Chapter Sixteen
“. . . irresponsible . . . could’ve gotten seriously hurt . . . concussions are not a joke, Ashira . . .”
He is in a mood. It’s been a full ten minutes since we’ve gotten into his car and he’s still ranting and raving about how I shouldn’t have gotten inside the ring, and how lucky I am that I didn’t wind up paralyzed.
I decide to cut him off at the twelve-minute mark with the question that I’ve wondered for fifteen years. “Why did you stop being Orthodox?”
He glances at me, clearly caught off guard, and his chest rises and falls as he draws a long breath. “I suppose you want the long version?”
“I’ll settle for both.”
He smirks and shakes his head. “The short version is that I wanted to give back to the country that took my mother in as a citizen, and it was nearly impossible to be Orthodox in that setting.”

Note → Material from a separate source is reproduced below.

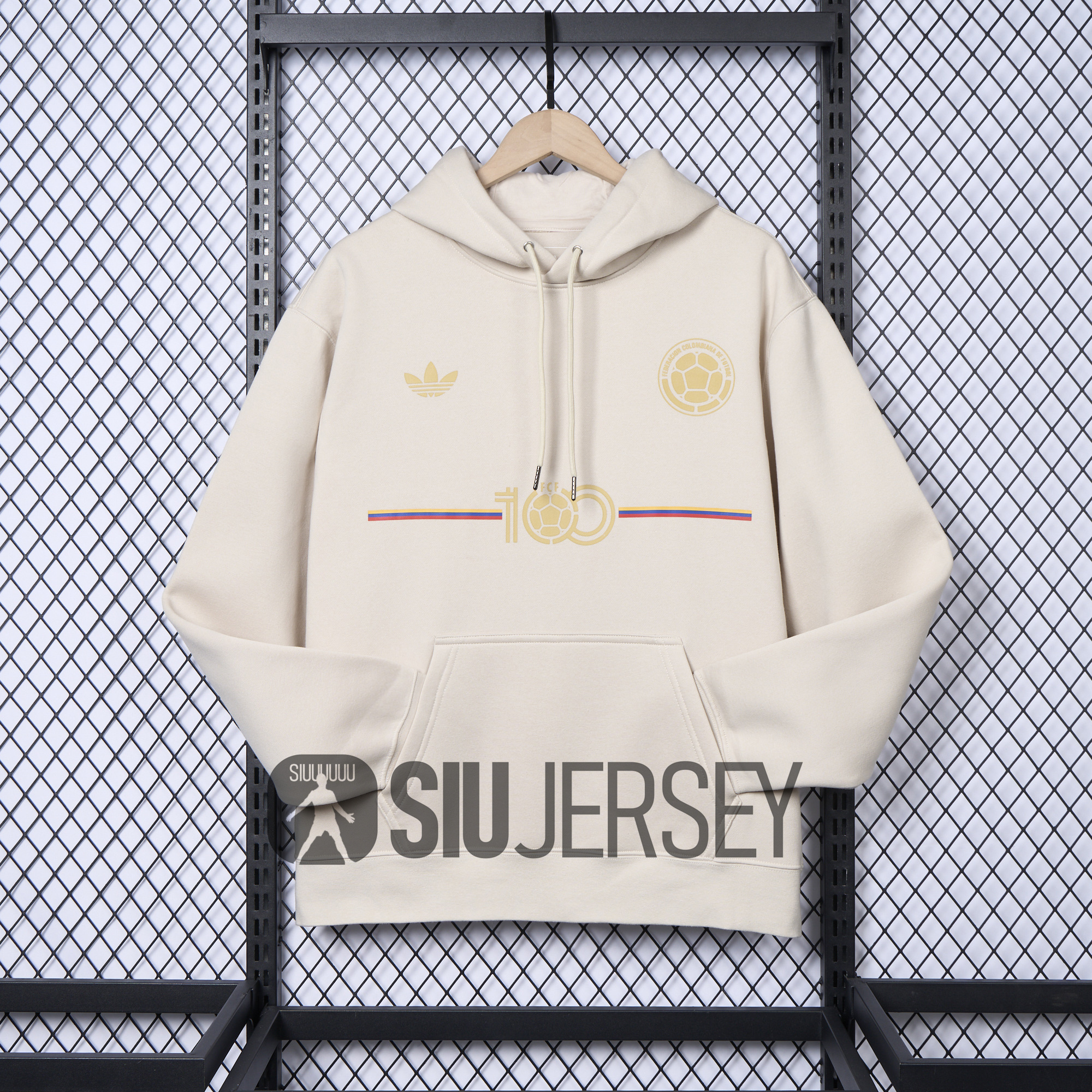SIUjerseys-Colombia 2024 100th Anniversary hoodies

“Okay.” I nod. “And the long version?”
“Is a lot more complicated.” He sighs. “You know I had a hard time in school being a Jew of Color.”
“Yes.”
“And that definitely laid some of the groundwork for wanting to explore a different world. I wanted to feel that sense of belonging.”
I gaze at his strong, chiseled profile. “And did it?”
“Yes and no. On one hand, there’s a tight brotherhood when it comes to your team members and in the SEAL community. But on the other hand, I was still the only Jew. I was still . . . ‘other’.”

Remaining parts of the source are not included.